Denoting the system as $\mathbf{F}(\mathbf{v}(\gamma)) = \mathbf{g}(\gamma)$ we can obtain a system of ODE for $\mathbf{v}(\gamma)$:
$$
\mathbf v'(\gamma) = \left(\frac{\partial \mathbf F(\mathbf v(\gamma))}{\partial \mathbf v}\right)^{-1} \mathbf g'(\gamma)
$$
with initial condition
$$
\mathbf v(0) = \left(v_1^{(k)}, v_2^{(k)}, \dots, v_k^{(k)}, A_{k+1}\right)
$$
This technique is known as numerical continuation.
Note that this ODE was extremely stiff and ill-conditioned for my problem, so I had to use double-double and quad-double precision to integrate it for sizes about $n = 20$.
The method of integration I used was a combination of explicit Euler method with Newton refinement at each step:

$s = 0, \quad \gamma_s = 0, \quad h = h_\text{initial}$
while $\gamma_{s} < 1$ do

$\gamma_{s+1} = \gamma_s + h$
$\tilde{\mathbf{v}} = \mathbf{v}(\gamma_{s}) + \left(\dfrac{\partial \mathbf F(\mathbf v(\gamma_s))}{\partial \mathbf v}\right)^{-1} \mathbf g'(\gamma_s)$
Solve $\mathbf F(\mathbf v) = \mathbf g(\gamma_{s+1})$ for $\mathbf v$ using $\tilde {\mathbf{v}}$ as an initial guess.
If Newton method failed to solve the equation, decrease $h$ and restart the step from the beginning.
Use the solution as $\mathbf v_{s+1}$. Adjust $h$ according to the number of needed Newton iterations. $s = s + 1$.


When we reach $\gamma = 1$ we solved the system with $k+1$ equation.

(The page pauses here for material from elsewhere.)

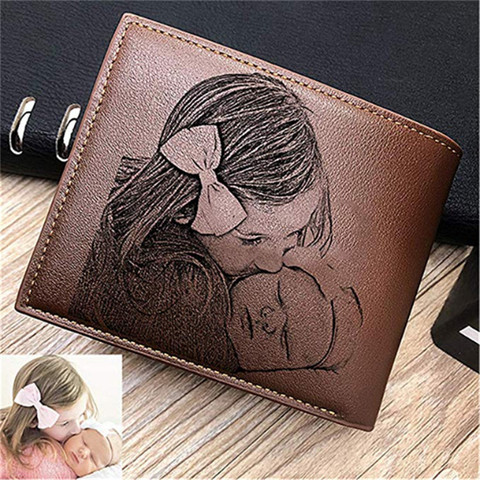 Billetera personalizada de cuero PU para hombre, billetera masculina de cuero sintético de alta calidad con grabado, monedero pequeño para hombre, billetera con foto personalizada, regalo de lujo para hombre ► Foto 1/6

Repeat the step until the system of $l$ equations is solved.
Note that both the Euler step and Newton refinement use the same Jacobi matrix
$$
\frac{\partial F_p}{\partial v_i} = p v_i^{p-1}
$$
which is not singular unless some $v_i$ are the same (it's a variation of the Wandermonde matrix). So we need to avoid crossing of the $v_i(\gamma)$ trajectories. Careful choice of $A_{k+1}$ may help here.